The most important component of your night photography gear is a camera that exhibits low-noise with long exposures. The larger the sensor, the better a camera’s light-gathering ability, so a full-frame camera will generally do a better job than an APS-C model. Cameras with high ISO capabilities are also an advantage; the higher the max ISO of the camera’s sensor, the better the image quality you’ll likely get from long exposures.
Beyond the camera itself, there are a few accessories that you’ll want to bring with you to get the best results.
This one is probably obvious, since night photography requires exposures of up to 30 seconds for sharp stars and 30 minutes or more to render star trails. Any movement of the camera during exposures this long will have a noticeable effect on the image. Be sure the tripod you select can adequately support the load of your gear. Carbon fiber tripods like the Really Right Stuff TVC-34 have better vibration-dampening characteristics than aluminum models. List price: $995. Contact: Really Right Stuff, reallyrightstuff.com.
Along with a tripod, a camera remote — whether a smartphone app from your camera’s maker or a optional accessory — is essential for night photography. It allows you to activate the shutter for long exposures without needing to actually touch the camera, which would cause vibration and compromise sharpness. Simple remotes are often available from your camera manufacturer, but a more sophisticated solution like the Hähnel Captur Module – Pro is a better investment, offering a variety of remote-triggering capabilities, including an intervalometer for time-lapse photography and the ability to set duration of long exposures with your camera in Bulb mode. Estimated street price: $119. Contact: Contact: Hähnel (RTS, Inc.), rtsphoto.com.
A headlamp is important safety equipment for finding your way around the landscape at night. We recommend multi-mode headlamps like the Black Diamond Storm, which provides up to 250 lumens of light from the main LEDs and also offers dimmable red and green night vision modes that, besides their intended purpose, can be used to add colorful light painting effects to your long exposures. It also has an IP67 waterproof rating for all-weather use. List price: $49. Contact: Contact: Black Diamond Equipment, blackdiamondequipment.com.
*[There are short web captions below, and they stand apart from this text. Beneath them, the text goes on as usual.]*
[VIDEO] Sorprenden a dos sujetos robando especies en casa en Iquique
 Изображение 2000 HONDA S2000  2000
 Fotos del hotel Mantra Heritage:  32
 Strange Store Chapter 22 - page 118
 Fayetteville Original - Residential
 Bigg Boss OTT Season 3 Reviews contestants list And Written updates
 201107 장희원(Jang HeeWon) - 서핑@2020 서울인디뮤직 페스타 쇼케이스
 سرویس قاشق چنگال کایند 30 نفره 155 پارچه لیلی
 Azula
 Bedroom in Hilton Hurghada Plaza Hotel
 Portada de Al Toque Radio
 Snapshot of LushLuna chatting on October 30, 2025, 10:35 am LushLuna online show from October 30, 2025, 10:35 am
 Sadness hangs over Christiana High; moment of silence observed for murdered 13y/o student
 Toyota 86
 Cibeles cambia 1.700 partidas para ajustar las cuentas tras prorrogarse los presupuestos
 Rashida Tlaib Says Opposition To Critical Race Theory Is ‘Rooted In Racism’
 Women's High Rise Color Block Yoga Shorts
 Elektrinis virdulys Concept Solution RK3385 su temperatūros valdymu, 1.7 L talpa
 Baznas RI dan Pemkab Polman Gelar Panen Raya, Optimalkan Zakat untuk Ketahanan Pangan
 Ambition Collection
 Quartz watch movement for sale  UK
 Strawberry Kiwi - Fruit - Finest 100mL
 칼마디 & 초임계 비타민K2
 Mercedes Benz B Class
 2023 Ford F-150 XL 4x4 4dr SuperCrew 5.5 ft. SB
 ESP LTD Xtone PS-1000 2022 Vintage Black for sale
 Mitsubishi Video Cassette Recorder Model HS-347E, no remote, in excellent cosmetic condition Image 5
Flashlight For Light Painting
Light painting techniques are great for adding illumination to landscape elements during long exposures and can be used to highlight specific objects. Colorful lights add an extra dimension of creativity. The Gerber Recon four-color LED flashlight has modes designed for specific purposes: white for general use, red for preserving night vision, green for reading maps and blue for identifying liquids. But you can also use these for adding a splash of color in your light painting. Estimated street price: $25. Contact: Gerber, gerbergear.com.
Smartphone Star Maps
Apps that provide maps of the night sky are especially helpful for astrophotography. For example, to get perfectly circular star trails, you’ll want to center your composition on Polaris (the North Star). One of our favorite apps for mapping the stars is Sky Guide for iOS. Point your smartphone toward the heavens, and Sky Guide displays the constellations above and identifies them. It even offers encyclopedic information about the major planets and stars. You can also discover where stars will be in the future and track celestial bodies through time to pre-plan your compositions. List price: $2.99. Contact: Sky Guide (Fifth Star Labs), fifthstarlabs.com.
Most experienced night photographers will recommend you shoot without any filters, and this is generally good advice, as filters reduce the amount of light that reaches your sensor, necessitating even longer exposures. One exception, though, especially if you’re photographing in an area with light pollution, is the Hoya Red Intensifier. Also known as a didymium filter, it’s designed to boost reds and oranges of autumn colors. The wavelengths it blocks just happen to be the same as the most common types of light pollution from city lights. Estimated street price: $67. Contact: Kenko Tokina USA, kenkotokinausa.com.
Long exposures mean your camera’s sensor is working overtime, draining your batteries faster than you might expect. Being prepared with an extra battery or two is always wise, but especially so for night photography. This is not a place to cut corners — we advise that you always purchase batteries from your camera manufacturers and avoid third-party “bargains.” Your camera maker takes care to produce high-quality batteries. If something goes wrong with a third-party battery, it could damage your camera and will likely void your warranty.